BERMAN: Well, she says -- she says, by the way, she's not doing this to un-elect Donald Trump. She says it's not about flipping states.
It's just about counting.
BERMAN: But that -- that's her point.
Carl, Basil, Symone, Alice, thanks so much for being with us. I appreciate it, guys.
All right, we have an exclusive new look at the -- the fight to retake a key city from ISIS. CNN goes inside Mosul where families are begging for help. That's next.
(COMMERCIAL BREAK) BERMAN: The U.S. has lost its first service member in the conflict in
Syria, killed by an IED blast. Officials expressed condolences to the family and friends and said, on this Thanksgiving, please be thankful that there are service members willing to take up the fight to protect our homeland from ISIL's hateful and brutal ideology.
In Iraq, the battle for Mosul is claiming hundreds of innocent lives. ISIS fighters are said to be killing civilians as Iraqi-led forces surround the city.
The Iraqi government has advised people in Mosul to stay in their homes since a large-scale exodus could be dangerous.

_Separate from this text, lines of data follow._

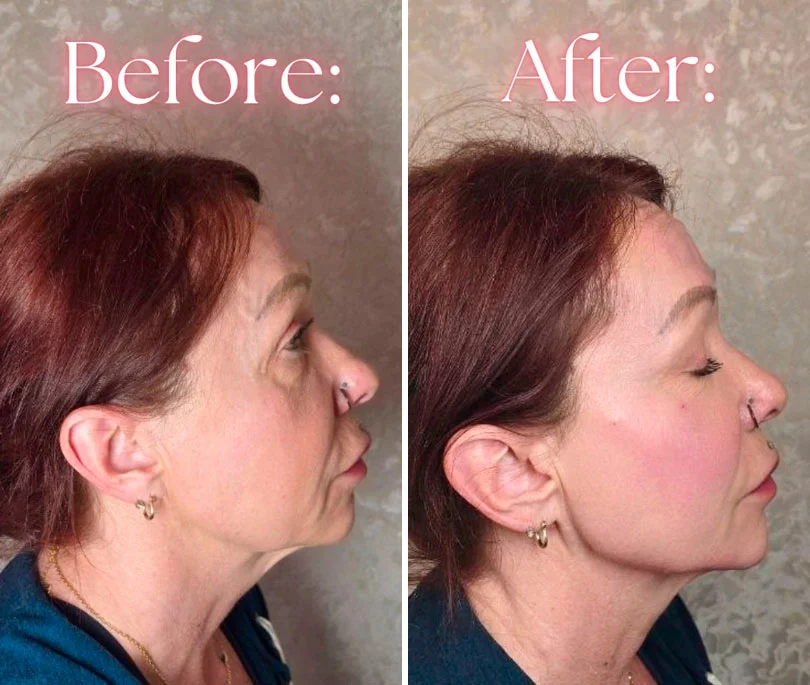 Jawline contouring before and after transformation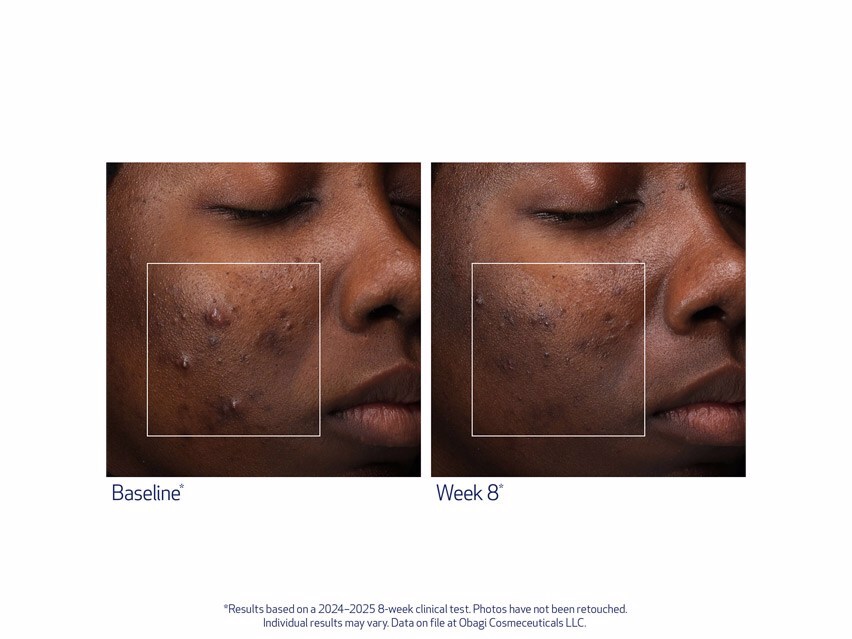 Obagi Retinol + PHA Refining Night Cream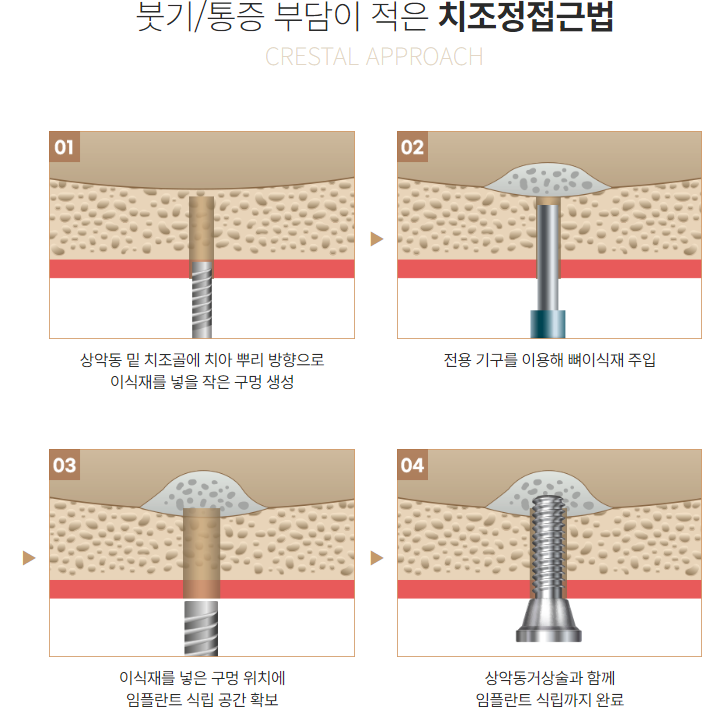 최소식립으로 최대효율 전체임플란트 (65세임플란트) 관련 이미지 2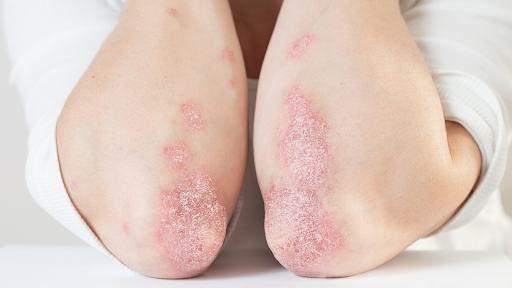 Psoriasis symptoms showing red scaly patches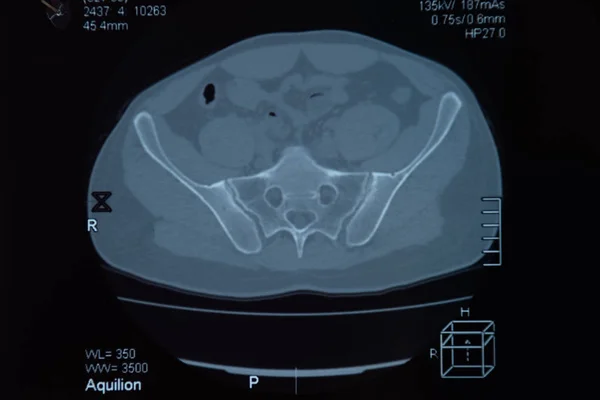 MRI sacroiliac artikuláció. Tanulmány a Bechterew-gyulladás beteg. — Stock Fotó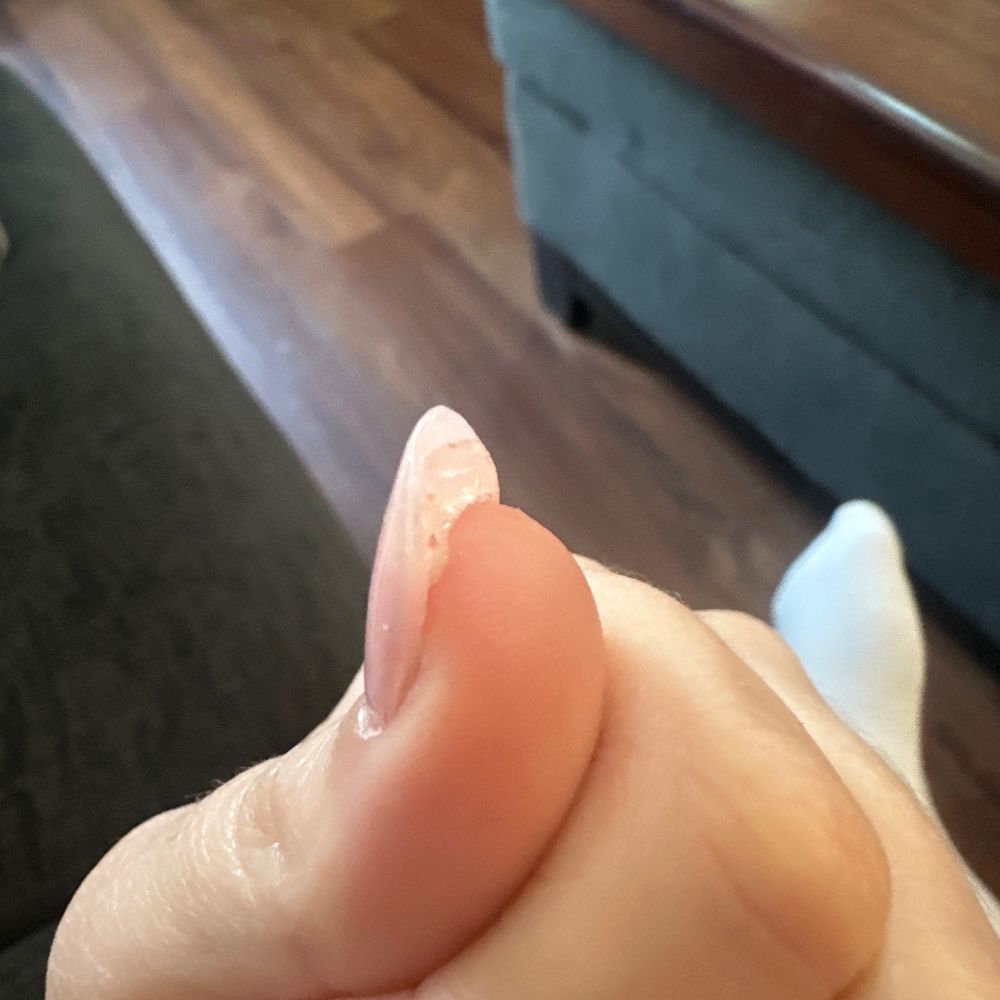 Example of gob of glue under nail Example of gob of glue under nail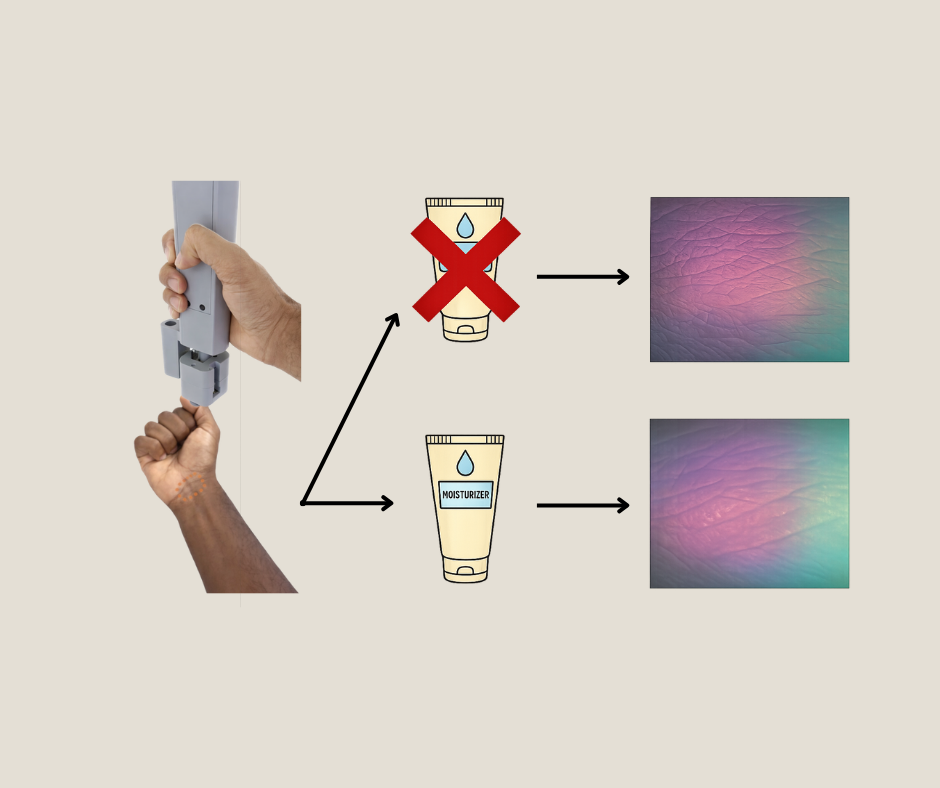 A New Way to Track Skin Health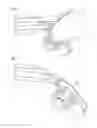 Fig. 05 - Interior panel component with insert for an airbag covering and method for producing the interior panel component
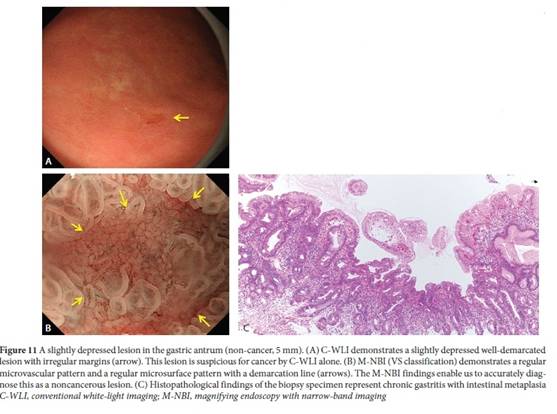View Of The Endoscopic Diagnosis Of Early Gastric Cancer Annals Of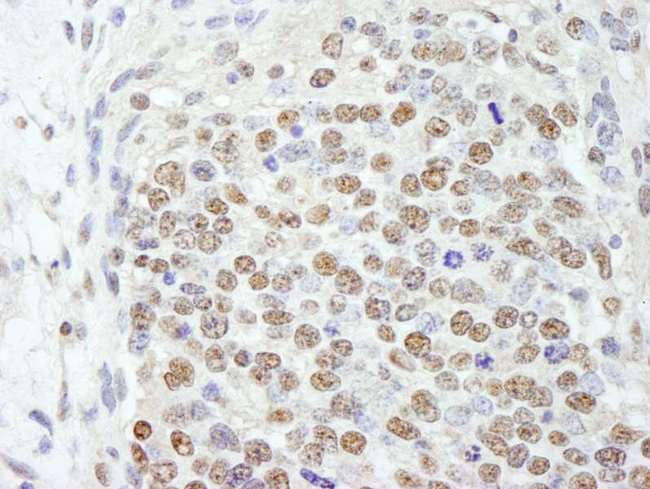 SF3B2 Antibody - Detection of Mouse SF3b145/SAP145 by Immunohistochemistry. Sample: FFPE section of mouse teratoma. Antibody: Affinity purified rabbit anti-SF3b145/SAP145 used at a dilution of 1:250.
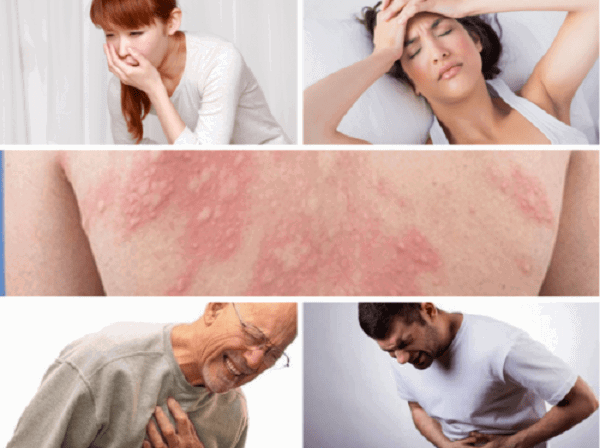 Tác Dụng Phụ Thuốc Kháng Sinh Dạ Dày: Toàn Diện Từ A Đến Z Tác Dụng Phụ Thuốc Kháng Sinh Dạ Dày: Toàn Diện Từ A Đến Z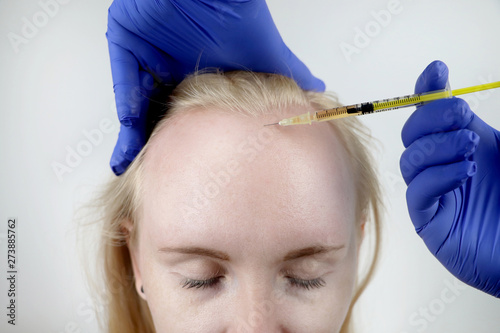 Hair mesotherapy or hair transplant: a beautician doctor makes injections in the head of a woman for hair growth or to prevent baldness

CNN's Phil Black went inside the liberated part of Mosul in a firsthand look at this tragedy.
PHIL BLACK, CNN CORRESPONDENT: These people have just lived through the horror of urban warfare. They cowered in their homes for days, prayers and white flags their only protection as Iraqi forces fought their way through the neighborhoods of Eastern Mosul against fierce ISIS resistance.
Now, there is little food, water or medicine, no electricity. But there's much relief.
UNIDENTIFIED MALE: ISIS is like a dark -- a dark thing on your chest.
BLACK: ISIS is like a dark thing on your chest.
UNIDENTIFIED MALE: Yes, dark thing.
BLACK: And it's gone now?
UNIDENTIFIED MALE: The dark -- the dark is gone.
BLACK: You can hear the fighting in the near distance. It's still dangerously close. ISIS has gone from these streets.
But its ability to harm these people hasn't passed. Just 24 hours ago, we're told a family was sitting here outside their home when a mortar struck just a short distance away, and an 18-month-old girl was killed.
Her name was Emira Ali (ph). Her father Omar (ph) is overwhelmed by grief. He cries, "What did she do wrong?
She was just playing. She's gone from me and she's my only one." Everyday, this makeshift clinic inside Mosul sees the terrible consequences of mortars fired into civilian areas.
It's a bloody production line. The wounded are delivered patched up quickly and loaded into ambulances to transport to hospital. At times, it seems endless.
As one ambulance pulls away, another military vehicle speeds in, carrying more wounded civilians. They're unloaded with great care as the medics work to help the victims of yet another ISIS mortar attack.
But they can't save everyone. This man's 21-year-old son was killed. He says a mortar just fell in front of the door.
We came, and he was just a piece of meat. Four or five of my neighbors were standing with him. And they're all dead.
Here, another parent falls to the dusty ground before the body of her son. These people endured two years of living under ISIS only to be killed by the group's desperate military tactics, and its total indifference to the lives of the innocent.
Phil Black, CNN, Mosul, Northern Iraq.
BERMAN: All right, the breaking news this morning -- announcements from the Trump transition team coming today. So who will be heading to the West Wing?
We have it all covered, coming up.
UNIDENTIFIED FEMALE: I started dog-walking at my local shelter. I noticed that the older dogs just weren't getting adopted.
And most of them would end up getting euthanized. You know, a dog that was seven years old didn't stand a chance.
UNIDENTIFIED FEMALE: You ready to come home?
UNIDENTIFIED FEMALE: I don't think any dog should ever spend its last days alone like that.
Muttville is a cage-free open space. I don't even want to call it a facility because we've tried to make it very home-like. When an old dog that's been in a shelter gets to Muttville, it's like, woo-hoo!
You know, they realize that it's a good place. And it's a safe place. These old dogs are so amazing.
So we're educating people about that, about the fact that old dogs have so much to give.
Oh, thank you.
I know that once we get them, they're going have that second chance at a great home and a great life, and that we're making a difference.